For $n \geq 5$ the asymptotic behaviour is well understood, see e.g. page 8 of [KKN]. Translated into the language of the above, we have
$$ \lvert S(n, R)\rvert = \frac{\pi^{n/2}}{\Gamma(1 + n/2)} \cdot R^n + \Theta(R^{n - 2}). $$
Both [MO] and this mathoverflow question suggest that provided $R = \Omega(n^{1/2 + \varepsilon})$ for some $\varepsilon > 0$ then the error term does not dominate in the above equation. Therefore the size of the set is asymptotically the volume of the sphere.

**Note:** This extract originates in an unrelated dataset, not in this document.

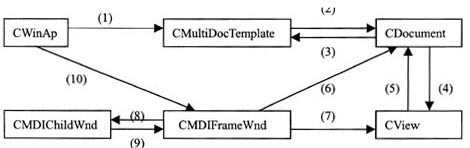 https://www.ltesting.net/attachments/2007/07/1_200707042008225.jpg (14841 bytes)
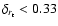 $\delta_{r_{\rm t}} <0.33$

If we specialise to even $n$ for ease, say $n = 2m$, then we can simplify the above to
$$ \lvert S(n, R)\rvert = \frac{\pi^{m}}{m!} \cdot R^{2m} + \Theta(R^{2m - 2}). $$
We set $R = n/2 = m$, so $R = \Omega(n^{1/2 + \varepsilon})$ and use Stirling's approximation in the form $m! \sim \sqrt{2\pi m} {(m/e)}^m$ to find
$$ \lvert S(n, R)\rvert = \frac{\pi^m e^m m^m}{\sqrt{2\pi m}} + \Theta(m^{2m - 2}). $$
Here the error term dominates so it seems we cannot just take the volume of the sphere as an asymptotic estimate, even though it was suggested for this regime we can.
I suspect I am just making an elementary mistake, but I have been puzzled by this for a while now; any help?